Whether it was her vibrant voice or the fact that it was the day after National Coming Out Day, it was clear that she was proud to share her story with me – and as a lifelong activist she had every reason to be.
“No one who came out was unchanged,” Deb tells me, looking back on Toronto Women’s March. It made activists out of a lot of people. Even as one of the organizers Deb was impacted by not only the number of people, but who the people were – even children. Children just like she once was, speaking their truths.
After coming out at such a young age, Deb soon became active within the LGBT community, taking part in a protest against CBC’s anti-LGBT ad policies at the age of 19.
As an Ottawa native protesting on Parliament Hill, speaking out for the rights of her community, Deb began her active career as a political agitator and advocate. “Softening around the edges does not change people’s lives,” she says, and her resume shows it: 20 years of work with Toronto Rape Crisis Centre, Dyke and Trans self-defense instructor, 2007 City of Toronto Pride Award, 2016 Inspire Lifetime Award, LGBT advocate, NDP Campaign Organizer, Toronto Women’s March organizer and, of course, a hobby DJ.
Yes, Deb is a kind and enthusiastic person, but that doesn’t stop her from being a voice above the rest in terms of political change.
“I hope this is the patriarchy’s last stand,” says Deb, referring to a need for more opportunities to put women in positions of power where their voices can be heard.
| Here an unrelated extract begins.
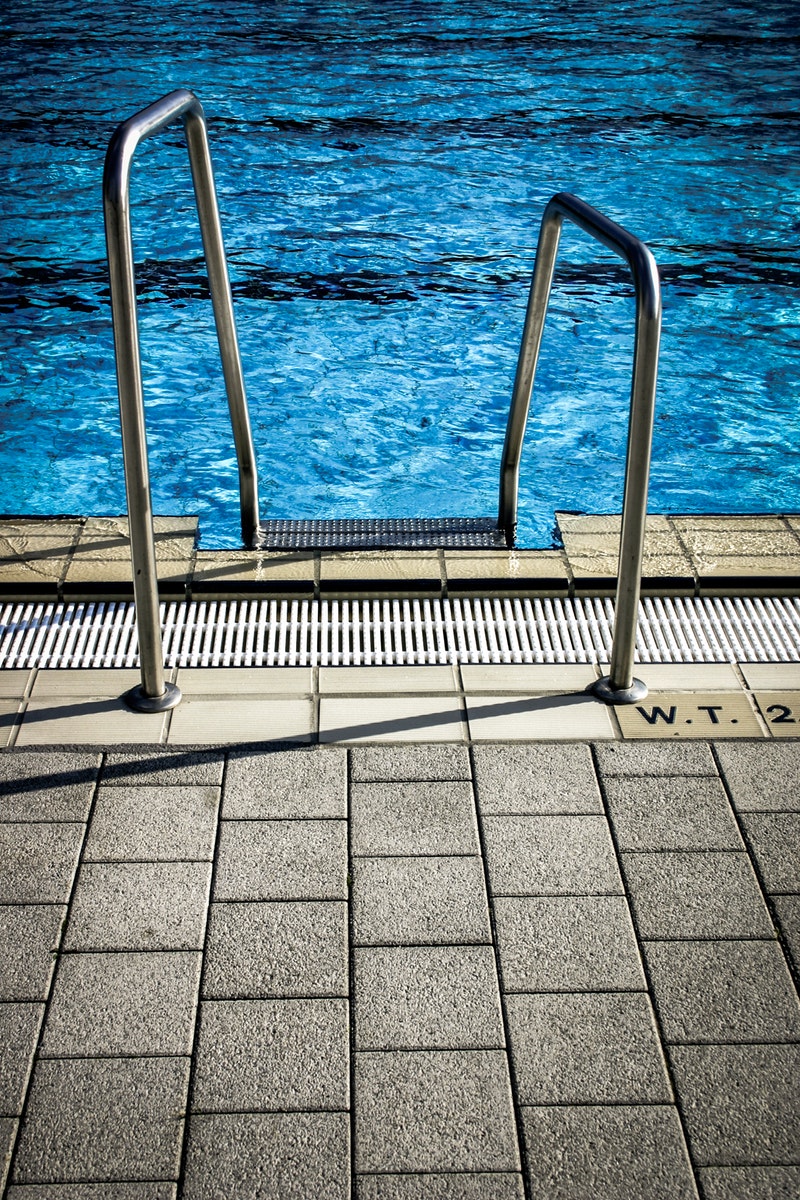 Pavers VS. Concrete Which one is better for your pool decking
She knows that people feel ripped off by social change and that putting the status quo on its head is scary, but in Deb’s words, “no matter who we are, we are all getting screwed and the earth is getting screwed,” but if we want change, the power rests in our hands.
In Ontario we have seen Provincial Progressive Conservative Leader Doug Ford come into power and immediately put limits on sex education, slash Toronto City Hall in half and march in step with current American politics. Looking back on a time when Torontonians questioned the relevance of a Women’s March considering the borders between Canadian and American politics, Deb knows that it is important to make it clear why a Women’s March is still needed. “We are still trying to make our voices heard.”
Rather than allow opposition to dampen the conversation, Deb used the opportunity to talk about all of the good that has grown since the march. There has been a dramatic change towards understanding policies and electoral procedures and diversity in politics is growing. The social changes marked by the Women’s March have encouraged people to enter politics and activism – people, Deb points out, who would not have been there before or wouldn’t have been on the radar. Women, queer people and people of colour are all validated by coming together. People marched with their values, she explains, and it seems that has carried on much further than the 2017 demonstration.
There is room for all of us. “The act of democracy is to be able to take to the streets and vote and believe that it matters,” Deb says.
To the seasoned activist, speaking out is the point of her work and is about differences as much as it is about similarities. There is room for everyone to have their voices heard.
But if Deb Parent is an activist, who does she speak out for?
She does it for herself.
In her back pocket beside her passion and hope for the future, she describes her fundamental belief in a capacity to change ourselves and the world. Rather than isolate ourselves, Deb has created a sense of community with her actions. She explains the importance of being role models for future generations, laying the groundwork for what is to come like so many have before.
So, who is Deb Parent?
Deb Parent: The little girl coming out in an uncertain time, speaking her truth? The young woman who railed against her government for taking away representation of her identity in public broadcasting? The advocate? The teacher? The activist? The badass woman who’s both soft and tough? The role model of future generations?
Speaking to her feelings as an activist in a marginalized community, Deb sums up the question best herself:
“Hope, pride, power.”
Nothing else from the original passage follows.